RPP podniosła stopy procentowe o 25 pb, gdyż chce ograniczać presję inflacyjną (opinia, aktl.)
...
11.05.2011 | aktual.: 11.05.2011 18:08
dochodzą kolejne opinie #
11.05. Warszawa (PAP) - Rada Polityki Pieniężnej podwyższyła kolejny raz stopy procentowe, gdyż chce uniknąć utrwalenia się inflacji na podwyższonym poziomie w średnim terminie. Obserwuje, że kontynuacja ożywienia i wzrost zatrudnienia może prowadzić do narastania presji płacowej i inflacyjnej, a proinflacyjnie działają także wysokie oczekiwania inflacyjne wraz z silnym wzrostem cen surowców na świecie - podała RPP w środę w komunikacie.

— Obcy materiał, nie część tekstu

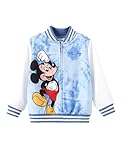 Disney Mickey Mouse Little Boy Jacket Varsity Bomber Letterman Baseball Kids Fall Clothes Tie-dye Lightweight Sweatshirt Colorblock Zip-up Coat 3T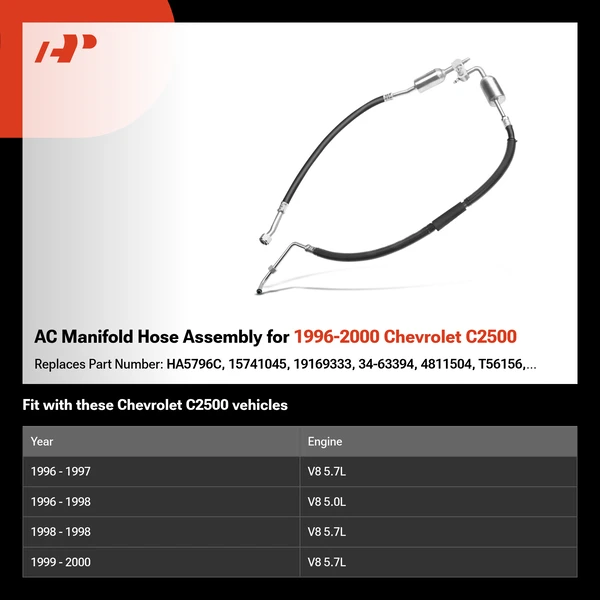 AC Manifold Hose Assembly for 1996-2000 Chevrolet C2500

Poniżej opinie po konferencji prasowej:
EKONOMIŚCI Z BZ WBK (e-mail)
"(...) kluczowym staje się pytanie: co ze stopami procentowymi w najbliższych miesiącach? W komunikacie trudno znaleźć na nie odpowiedź. Podobnie zresztą jak w poprzednim miesiącu, bo komunikaty pozostają do siebie dosyć zbliżone (...). Można więc powiedzieć, że skoro przy podobnym komunikacie Rada podniosła stopy, to być może tak samo zrobi za miesiąc.
Różnica jednak polega na tym, że w ostatnim miesiącu mieliśmy do czynienia z bardzo dużym wzrostem inflacji, wyraźnie powyżej psychologicznego poziomu 4 proc., co zapewne miało spore znaczenie (niezależnie od tego, że członkowie RPP mówią, że nie reagują na bieżącą inflację). Najbliższe dane o inflacji pokażą delikatny wzrost, co więcej inflacja bazowa ustabilizuje się, a płace przyspieszą, ale nie powyżej 5 proc.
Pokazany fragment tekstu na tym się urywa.